Kubernetes GPU Autoscaling: How To Scale GPU Workloads With CAST AI

The managed Kubernetes solutions from major cloud providers like AWS, Google Cloud Platform, and Azure usually have capabilities to autoscale GPU node pools. But Kubernetes GPU autoscaling quickly gets tricky. Unfortunately, you have to configure GPU node pools manually. And the nodes may linger for a while, increasing your cluster costs.  The CAST AI autoscaling…

Valdas Rakutis Avatar
Kubernetes GPU Autoscaling

The managed Kubernetes solutions from major cloud providers like AWS, Google Cloud Platform, and Azure usually have capabilities to autoscale GPU node pools. But Kubernetes GPU autoscaling quickly gets tricky.

Unfortunately, you have to configure GPU node pools manually. And the nodes may linger for a while, increasing your cluster costs. 

The CAST AI autoscaling and bin packing engine provisions GPU instances on demand and downscales them when needed, while also taking advantage of spot instances and their price benefits to drive costs down further.

Note: At the moment, CAST AI supports GPU workloads on Amazon Elastic Kubernetes Service (EKS) and Google Kubernetes Engine (GKE).​ Support for Azure Kubernetes Service (AKS) is on the way. 

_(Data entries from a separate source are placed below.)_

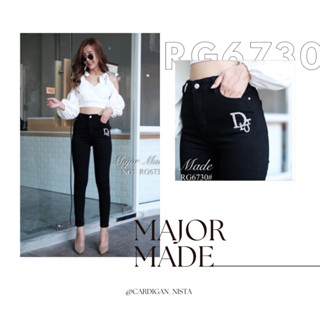 MajorMade​ RG6730 กางเกงยีนส์สีดำเอวสูง CARDIGAN_NISTA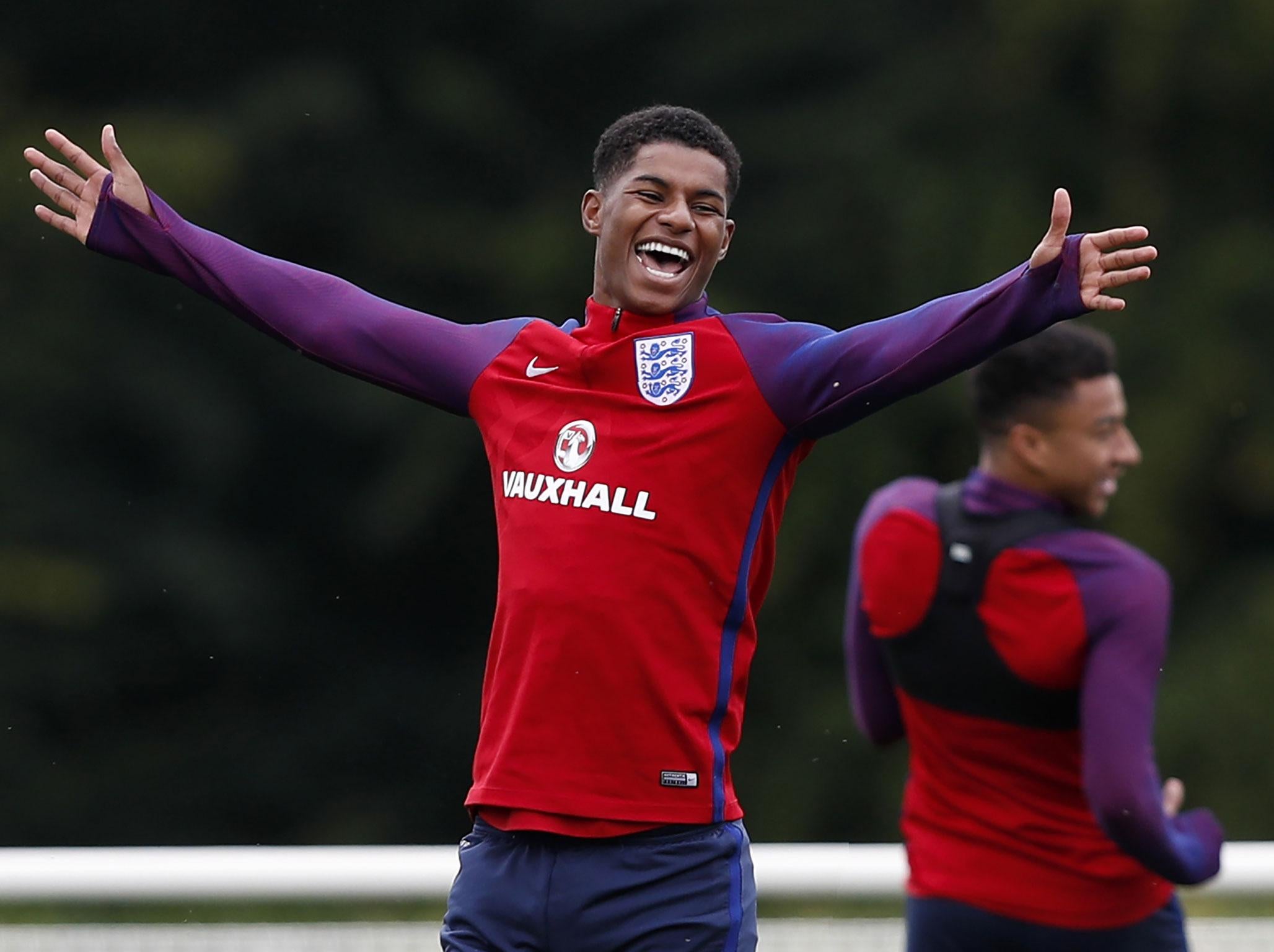 Rashford looks to be in line for a start at Wembley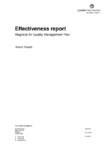 Effectiveness Report Regional Air Quality Management Plan preview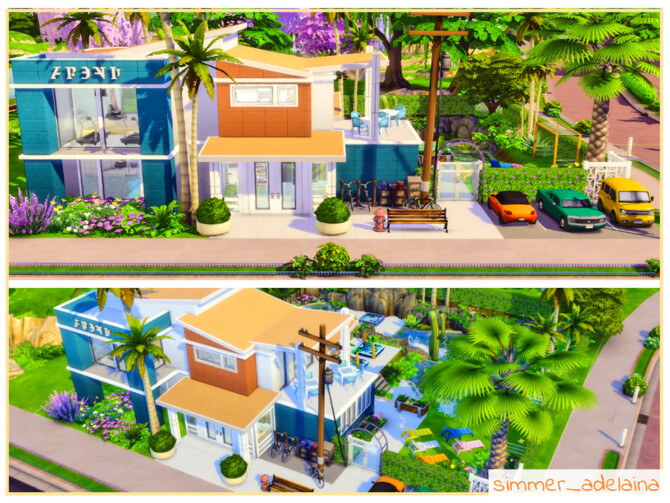 Sims 4 Mid Century Public Pool by simmer adelaina at TSR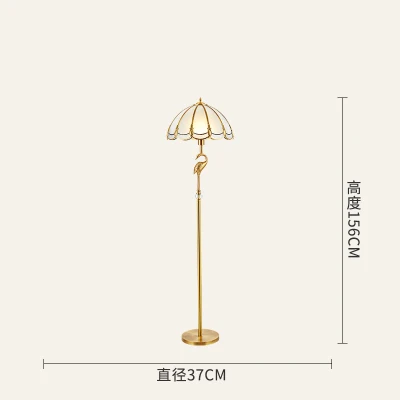 floor lamp Европейская Медная настольная лампа, хрустальная лампа для гостиной, прикроватная лампа, свадебная Творческая настольная лампа, гостиничные декоративные светодиодные фонари - Цвет абажура: floor lamp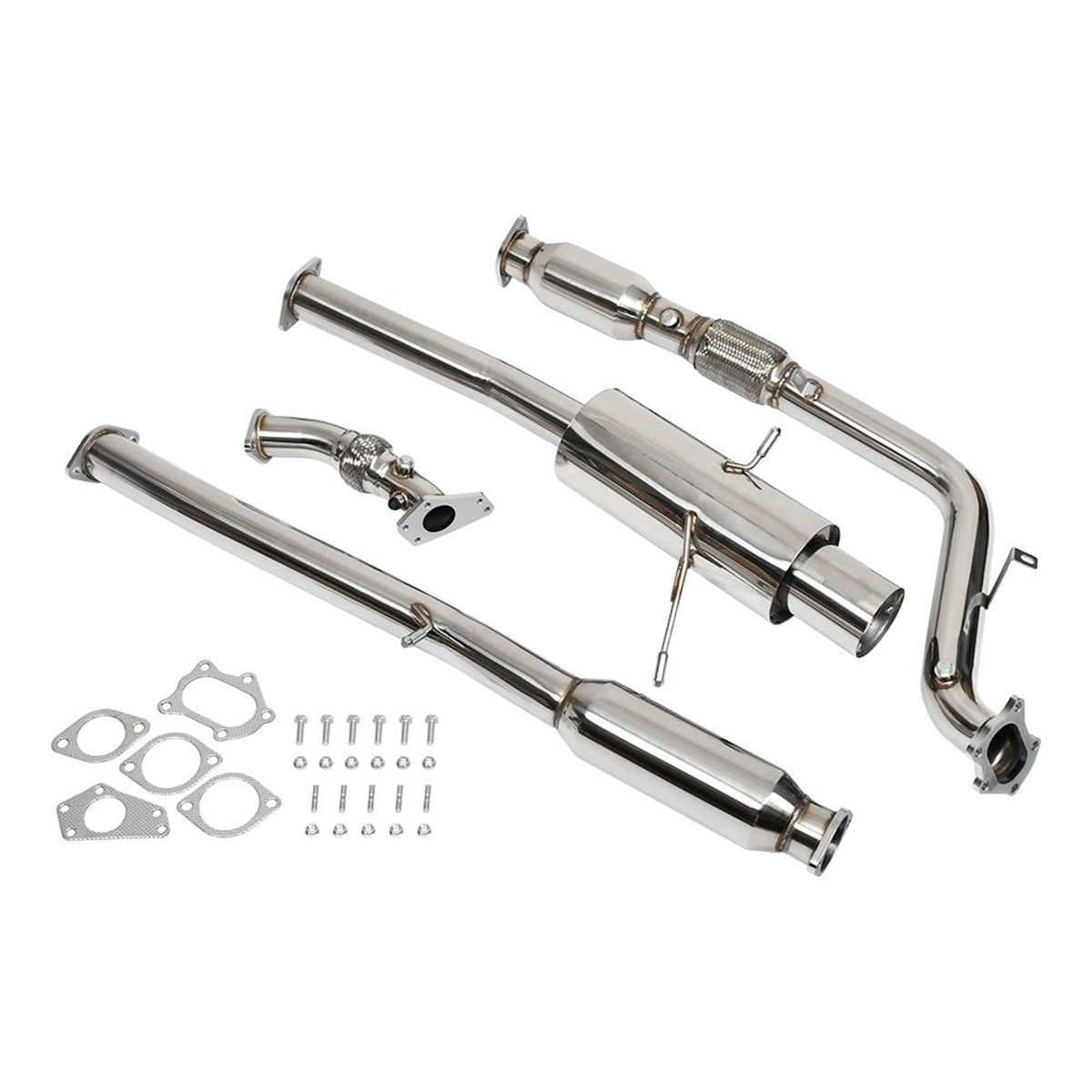 Échappement Catback 3" Embout 4.5" pour Subaru Impreza WRX STI GD EJ205 02-07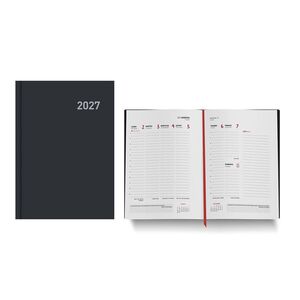 AGENDA 2027 SEMANA VISTA PARIS 15X21CM NEGRO INGRAF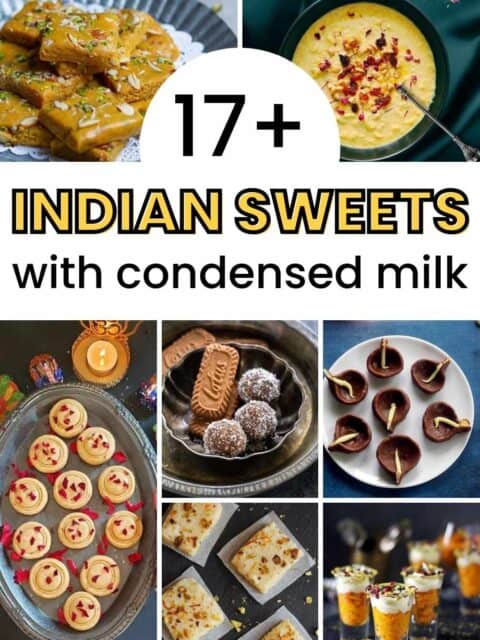 pin image for indian sweets with condensed milk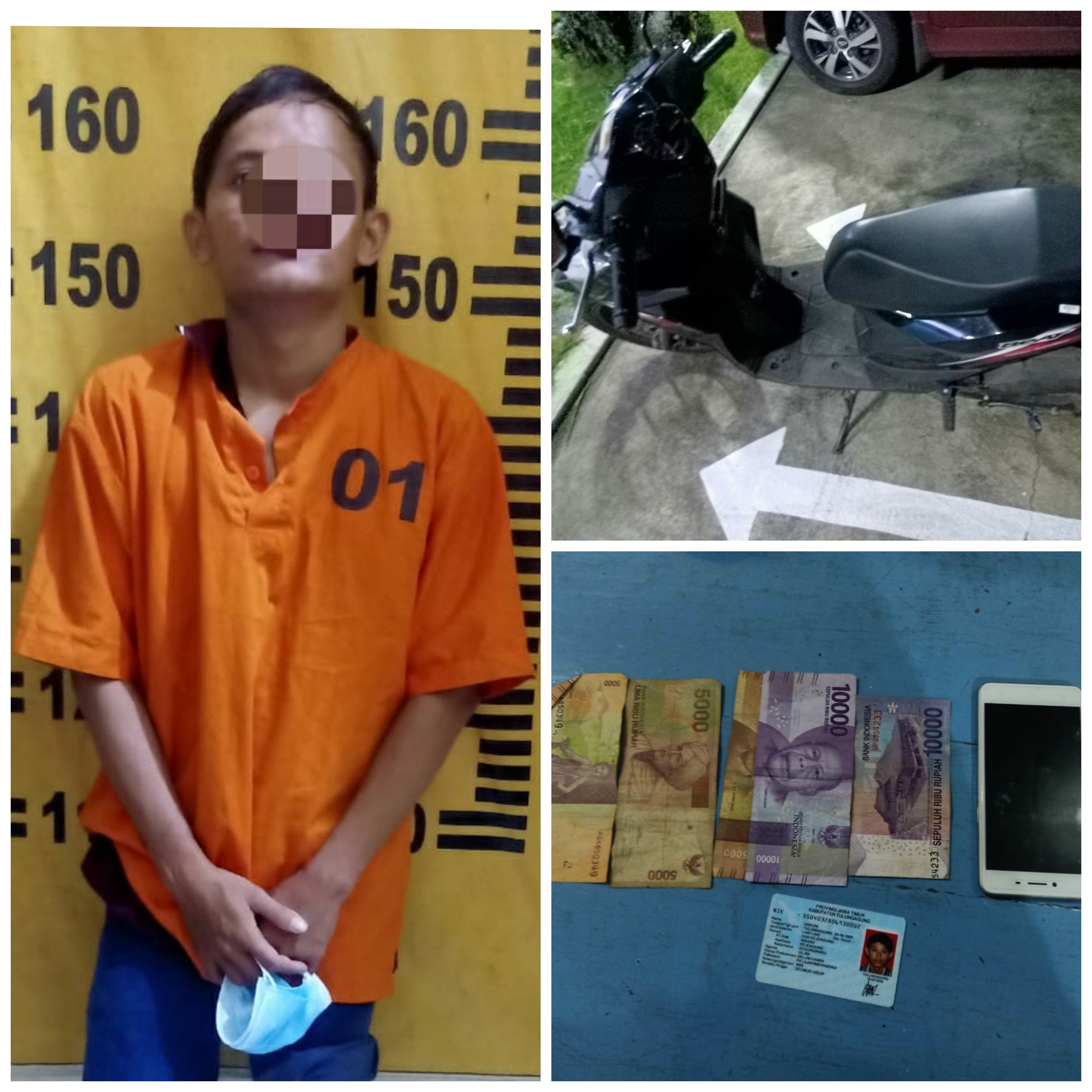 Embat Motor Teman Kencan, Pria Ini Meringkuk Dijeruji Polsek Tulungagung Kota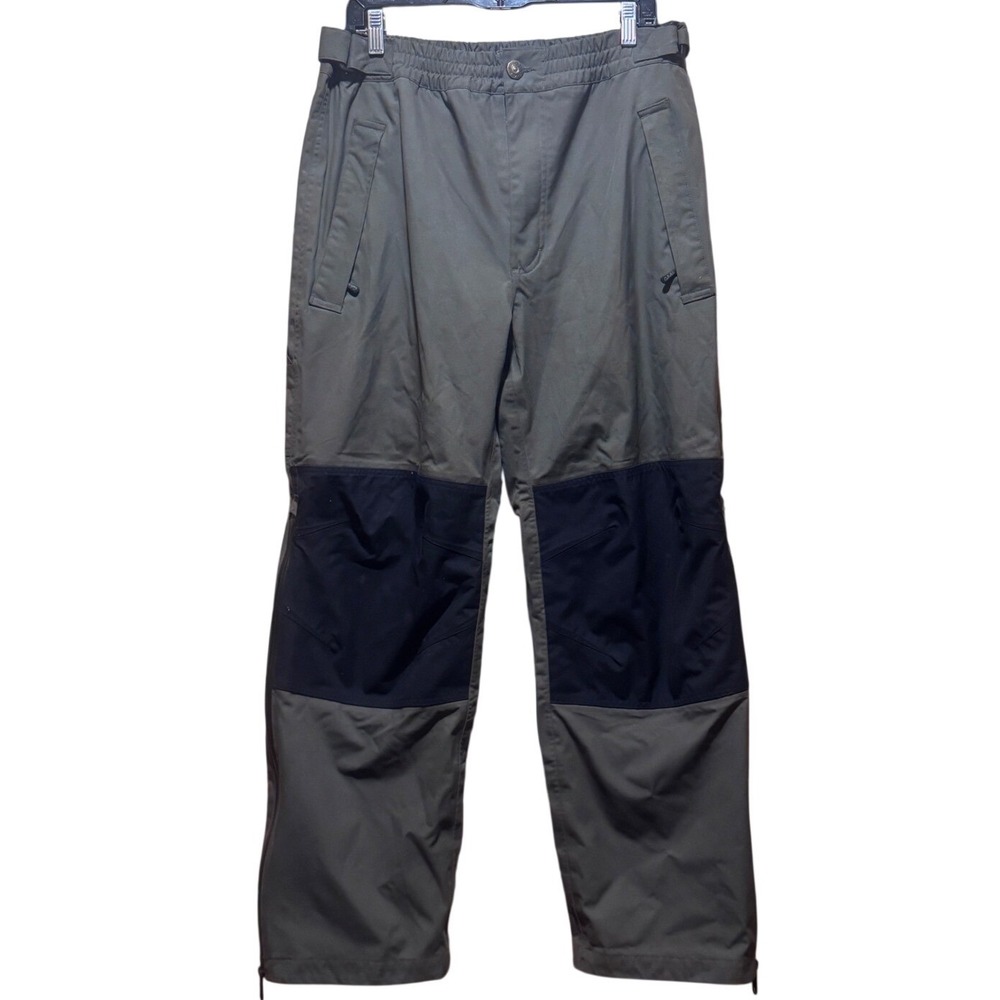 Cabelas Mens Outdoor Gear Nylon‎ Cargo Pants Green Black Size Medium Regular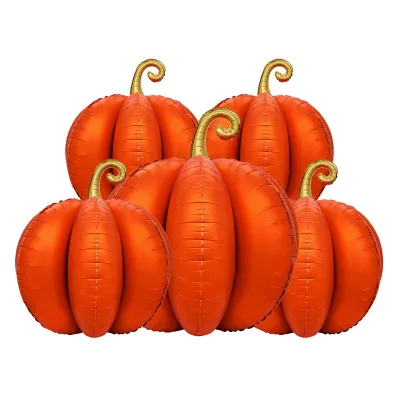New Halloween Ghost Festival 3D Standing Pumpkin Mylar Balloon Pumpkin-Shaped Foil Balloon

Using the default template to autoscale workloads

Onboarding

1. To start benefiting from the CAST AI autoscaler, we first need to have a cluster onboarded. We can do that via the console UI by getting the onboarding script by clicking on the Connect Cluster button.

After selecting your provider, you should get a script like this and execute it for the target cluster.

curl -H "Authorization: Token <token>" "https://api.cast.ai/v1/agent.yaml?provider=gke" | kubectl apply -f -

This is a read-only onboarding that enables our backend to understand what workloads/nodes exist in your cluster.

2. After onboarding the read-only agent, you can view the nodes, workloads, etc., in that cluster. 

To use autoscaler, we’ll have to enable automated optimization mode, which gets permissions from the cloud provider to provision/remove instances. Click the “Enable CAST AI” button in the console.

You should get a script that looks like this:

CASTAI_API_TOKEN=<token> CASTAI_CLUSTER_ID=55db5cfd-0878-4eda-8492-70b6918c16d1 CLUSTER_NAME=valdas-08-18 INSTALL_KVISOR=true LOCATION=us-central1 PROJECT_ID=<project-id> /bin/bash -c "$(curl -fsSL 'https://api.cast.ai/v1/scripts/gke/onboarding.sh')"

After executing the script, we can now use the CAST AI autoscaling engine.

Autoscaling GPU Workloads

​Prep

To use GPU nodes, we first need to install the GPU drivers, which come in the form of daemonsets.

When onboarding the cluster, CAST AI installs the drivers for EKS, so if you’re using EKS, you don’t need to do anything more, but this guide focuses on GKE.

For GKE, users need to install the drivers manually for now, but this will be automated by CAST AI in the very near future – perhaps at the time of reading, it’s already fully supported. The TL;DR version of how to install the drivers:

kubectl apply -f https://raw.githubusercontent.com/GoogleCloudPlatform/container-engine-accelerators/master/nvidia-driver-installer/cos/daemonset-preloaded.yaml

But if you want to go through it, you can find the official Google guide here.

Next steps

We are now fully prepared to use the CAST AI autoscaler to add GPU-ready nodes. To test this, let’s create some workloads that require GPUs.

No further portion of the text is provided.